Leave the pictures out. Return the rest of the listing below exactly.

## [Dataset records]
'''

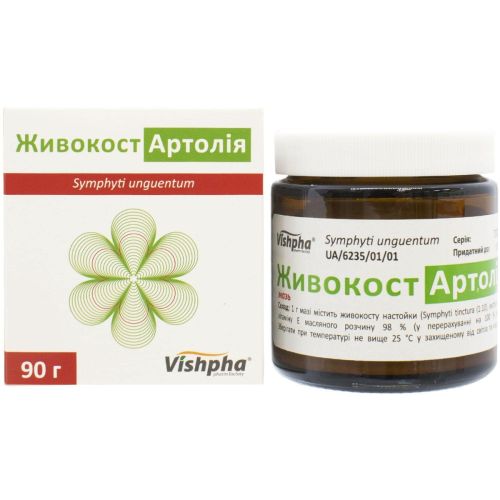 Окопник Артолия мазь 90 г фото - фото №1 Окопник Артолия мазь 90 г фото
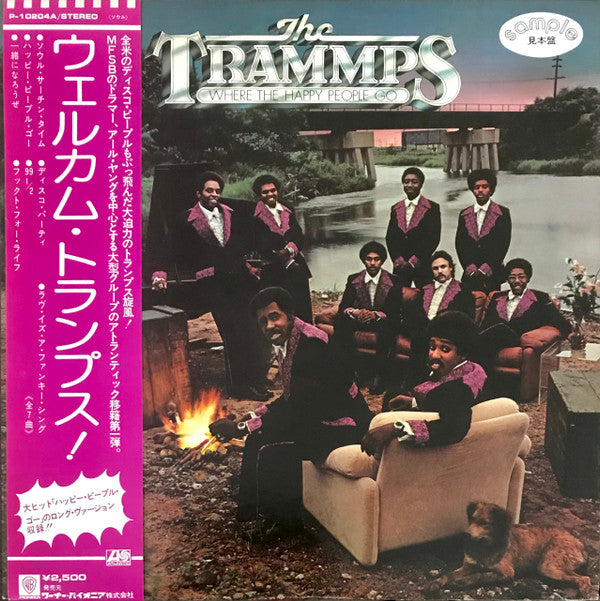 Where The Happy People Go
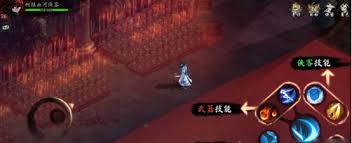 虚无之印境界是什么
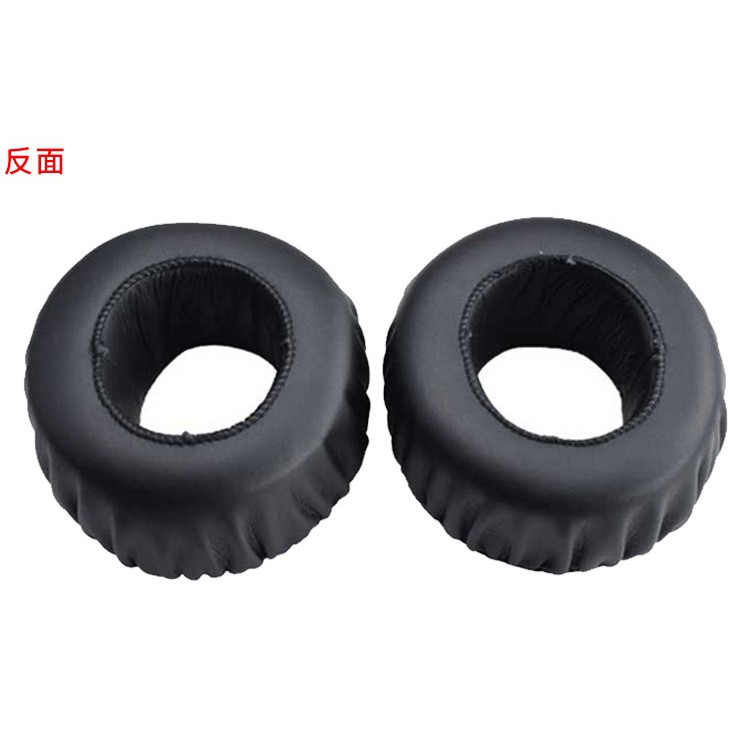 『台北現貨中心』 耳機套 可用於 SONY MDR-XB500 耳機套 海綿套 耳套 耳棉套 耳罩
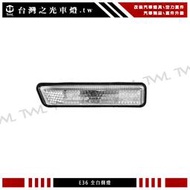 《※台灣之光※》BMW E36 97 98年 X5 E53 99 00 01 02 03 04 05 06年專用全白側燈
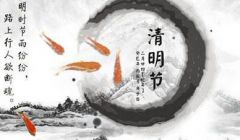 百恒网络2017年清明节放假通知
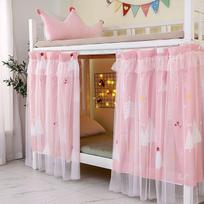 Užtamsinančios užuolaidos su marle dviaukštėms lovoms bendrabutyje – Personalizuotas korėjietiškas stilius paauglėms merginoms 1 piece, 1 side, 1.35m high white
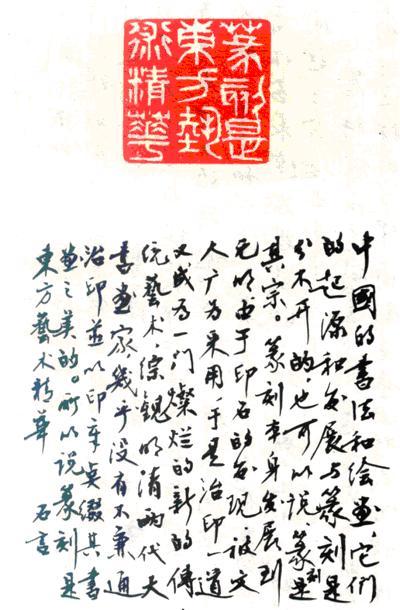 点击可以查看大图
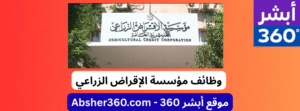 مؤسسة الإقراض الزراعي 2025
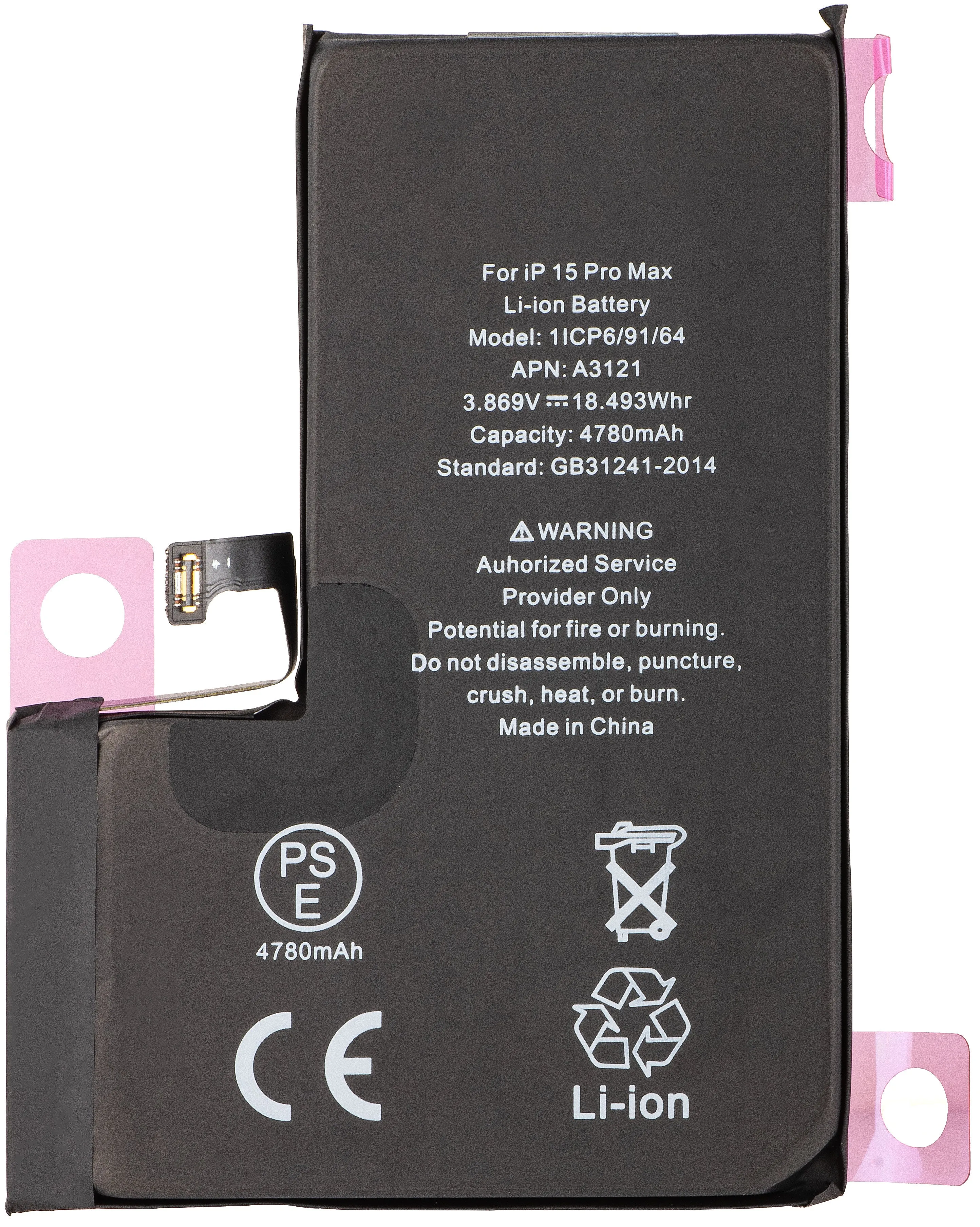 Batteria Apple iPhone 15 Pro Max, Diagnostic High Capacity - immagine 1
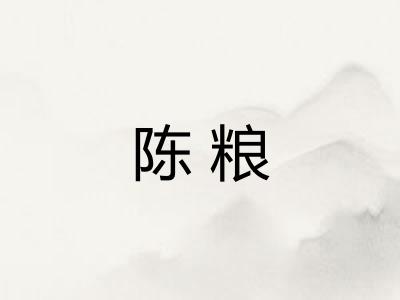 陈粮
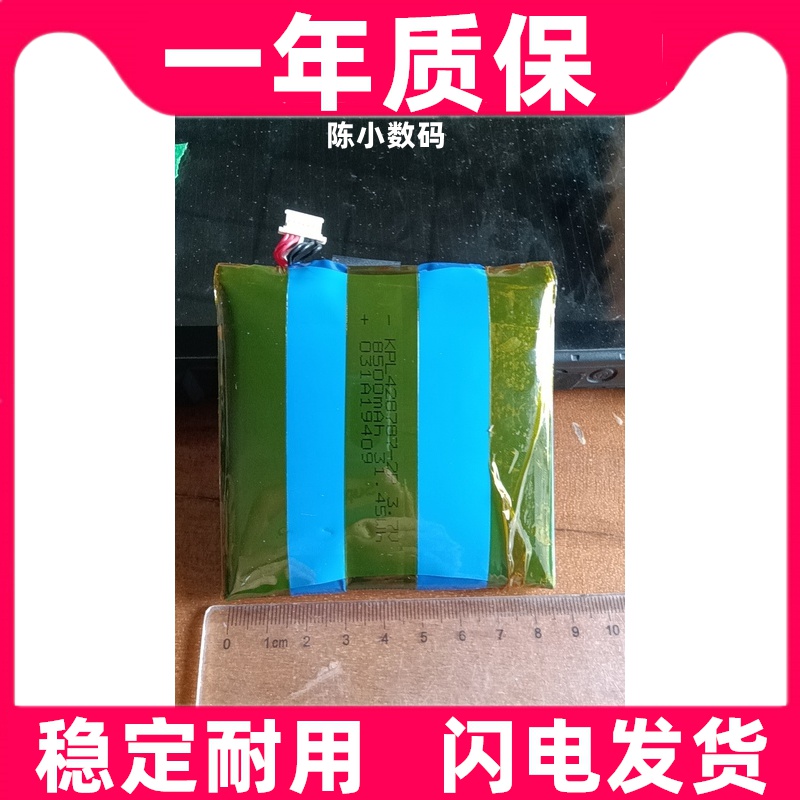 适用正科环宇T700-OBD诊断仪T700电池原装电板 大容量更换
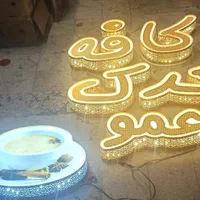 تابلوساز تابلوسازی چنلیوم چلنیوم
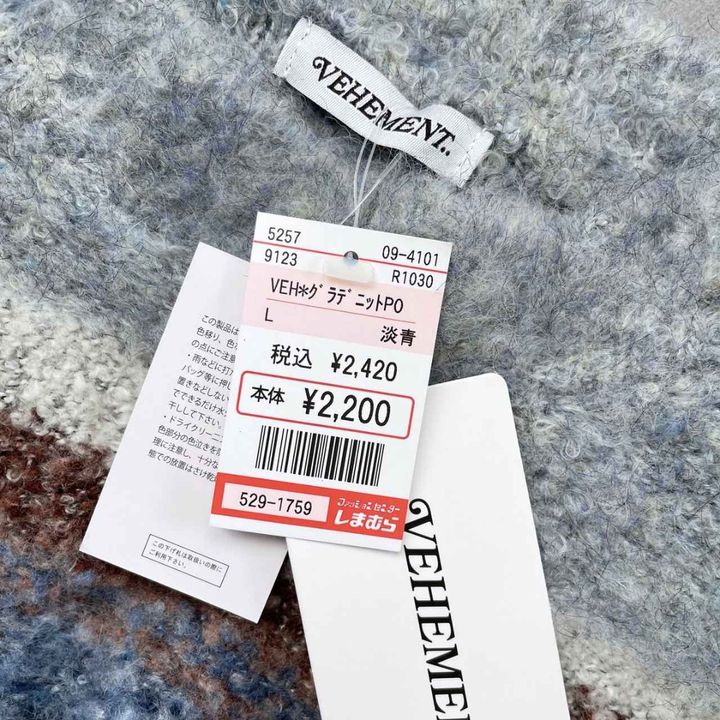 画像1: 高見え過ぎる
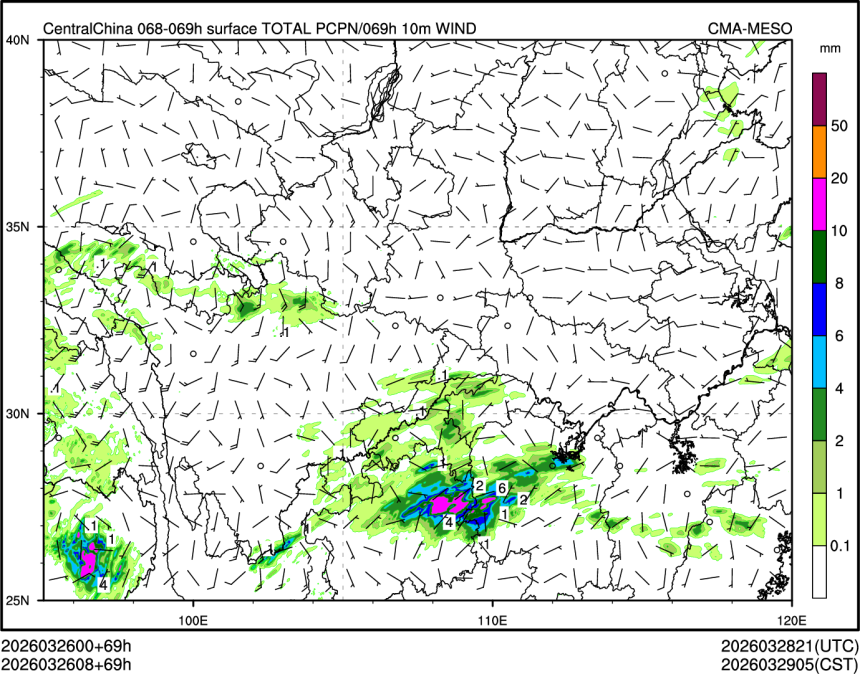 03/26 08时 +069小时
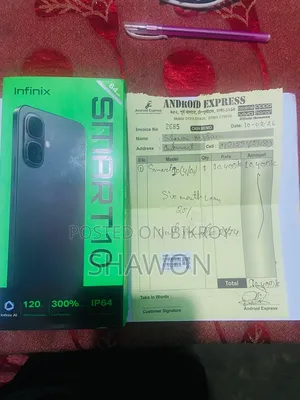 ইনফিনিক্স স্মার্ট ১০ ৬৪ জিবি গ্রে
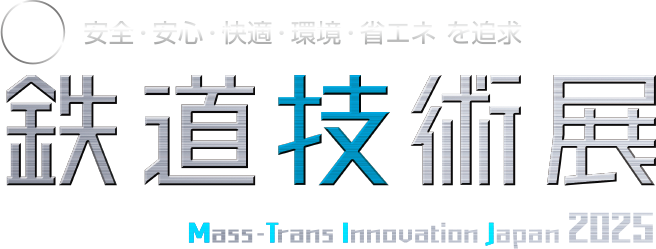 安全・安心・快適・環境・省エネを追求　第9回 鉄道技術展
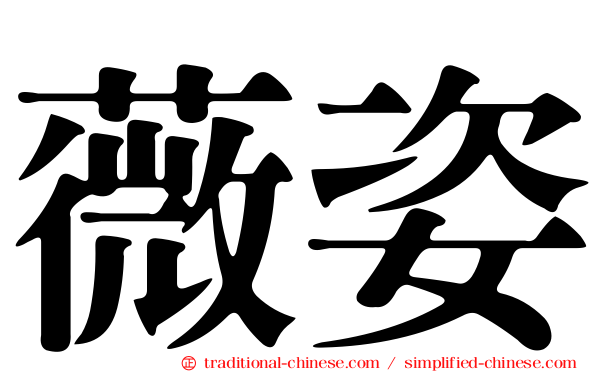 薇姿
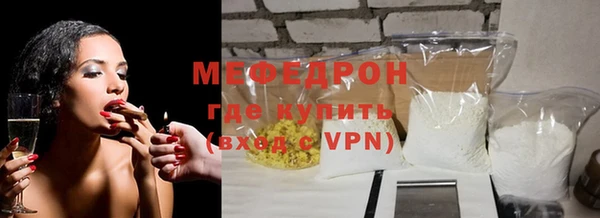 твердый Наволоки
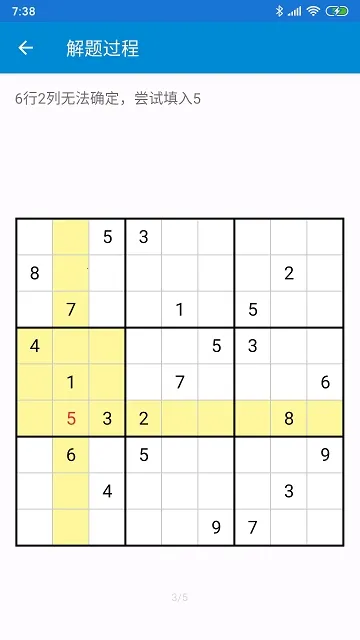 �ƽ����������ֻ���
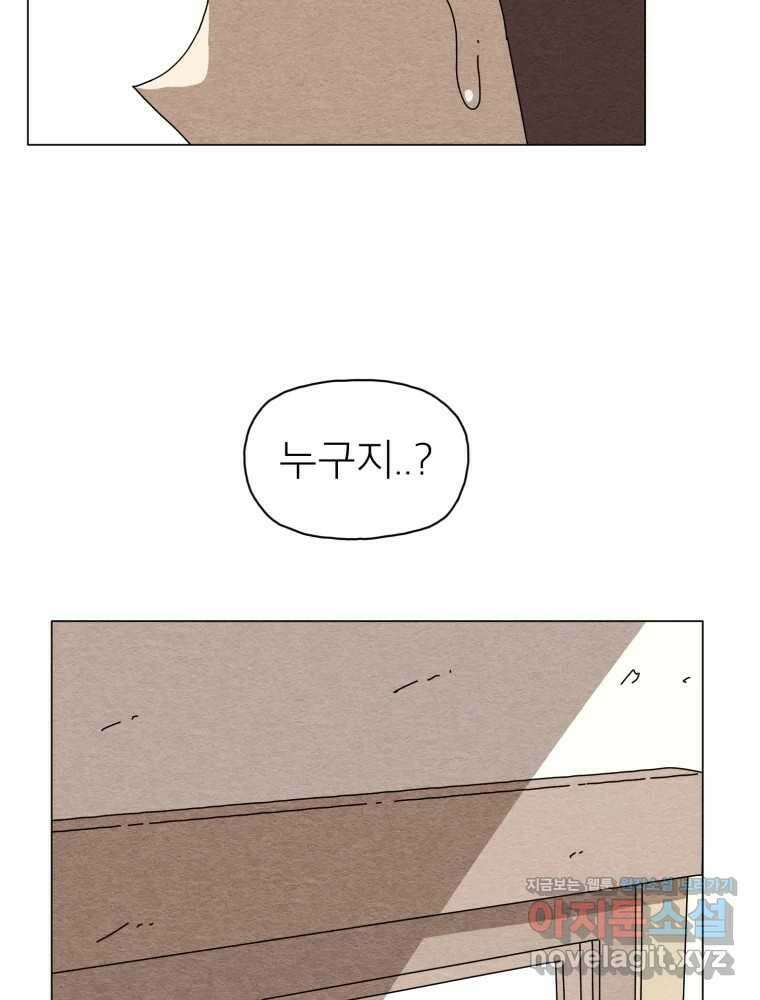 무존재감 31화_잘못된 만남 9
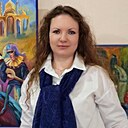 Инна, 44 года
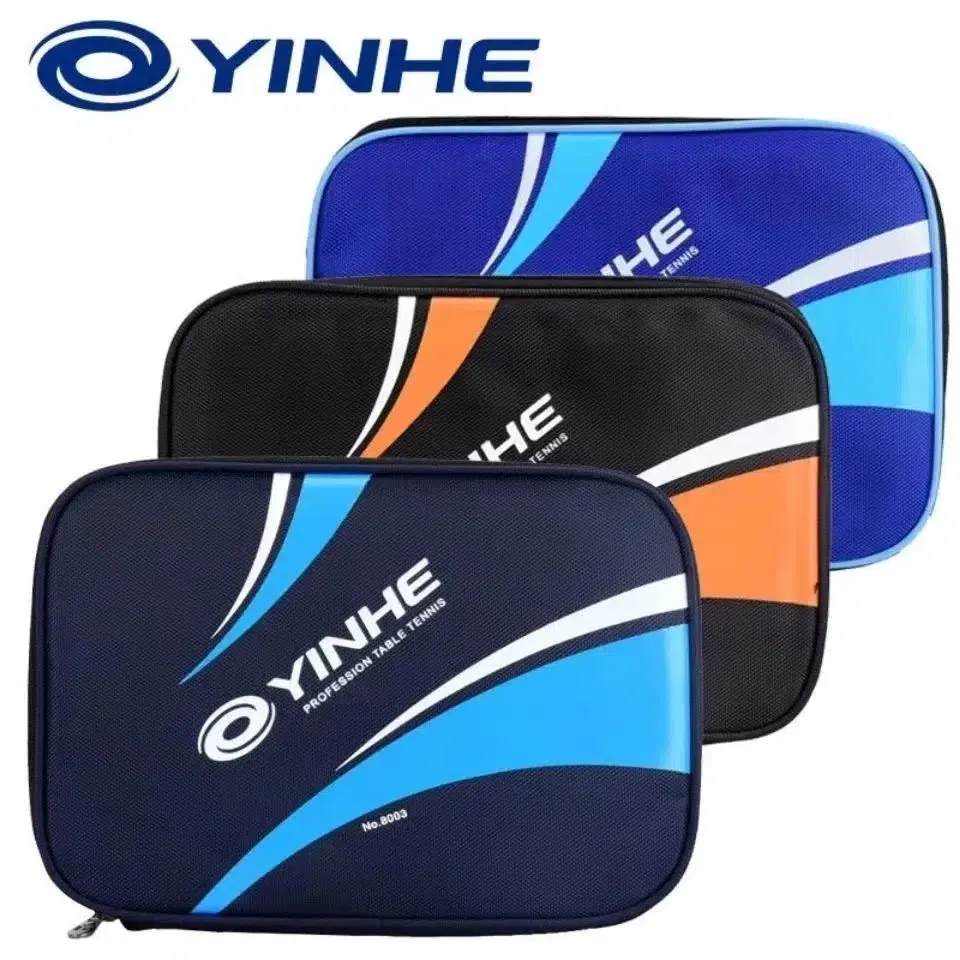 Yinhe Single Table Tennis Bat Case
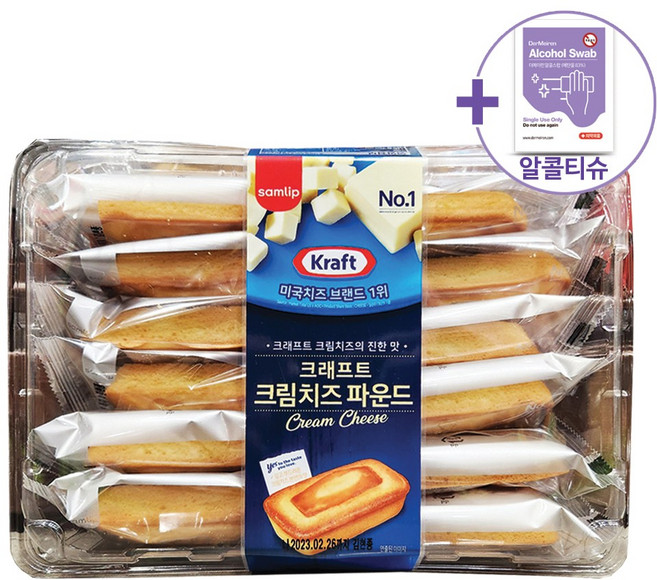 삼립 크림치즈 파운드 540G (45G X 12개입) + 더메이런 알콜티슈, 1개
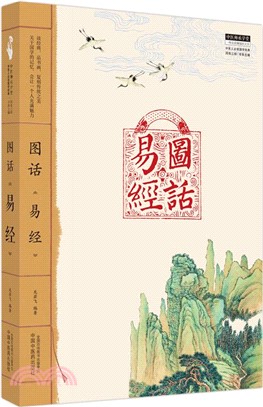 圖話《易經》（簡體書）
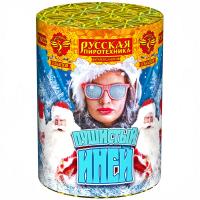 Пушистый иней Салют купить в Менделеевске | mendeleevsk.salutsklad.ru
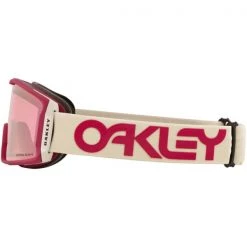 Masques De Ski OAKLEY LINE MINER XM FP RUBINE GRY W PRZM HI PNK GBL 21 Rose / Blanc -Ekosport Soldes 9 79350 line miner xm fp rubine gry w przm hi pnk gbl oo7093 32 03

'''

## [Exercise solution]
 Окопник Артолия мазь 90 г фото - фото №1 Окопник Артолия мазь 90 г фото
 Where The Happy People Go
 虚无之印境界是什么
 『台北現貨中心』 耳機套 可用於 SONY MDR-XB500 耳機套 海綿套 耳套 耳棉套 耳罩
 《※台灣之光※》BMW E36 97 98年 X5 E53 99 00 01 02 03 04 05 06年專用全白側燈
 百恒网络2017年清明节放假通知
 Užtamsinančios užuolaidos su marle dviaukštėms lovoms bendrabutyje – Personalizuotas korėjietiškas stilius paauglėms merginoms 1 piece, 1 side, 1.35m high white
 点击可以查看大图
 مؤسسة الإقراض الزراعي 2025
 Batteria Apple iPhone 15 Pro Max, Diagnostic High Capacity - immagine 1
 陈粮
 适用正科环宇T700-OBD诊断仪T700电池原装电板 大容量更换
 تابلوساز تابلوسازی چنلیوم چلنیوم
 画像1: 高見え過ぎる
 03/26 08时 +069小时
 ইনফিনিক্স স্মার্ট ১০ ৬৪ জিবি গ্রে
 安全・安心・快適・環境・省エネを追求　第9回 鉄道技術展
 薇姿
 твердый Наволоки
 �ƽ����������ֻ���
 무존재감 31화_잘못된 만남 9
 Инна, 44 года
 Yinhe Single Table Tennis Bat Case
 삼립 크림치즈 파운드 540G (45G X 12개입) + 더메이런 알콜티슈, 1개
 圖話《易經》（簡體書）
 Пушистый иней Салют купить в Менделеевске | mendeleevsk.salutsklad.ru
 Masques De Ski OAKLEY LINE MINER XM FP RUBINE GRY W PRZM HI PNK GBL 21 Rose / Blanc -Ekosport Soldes 9 79350 line miner xm fp rubine gry w przm hi pnk gbl oo7093 32 03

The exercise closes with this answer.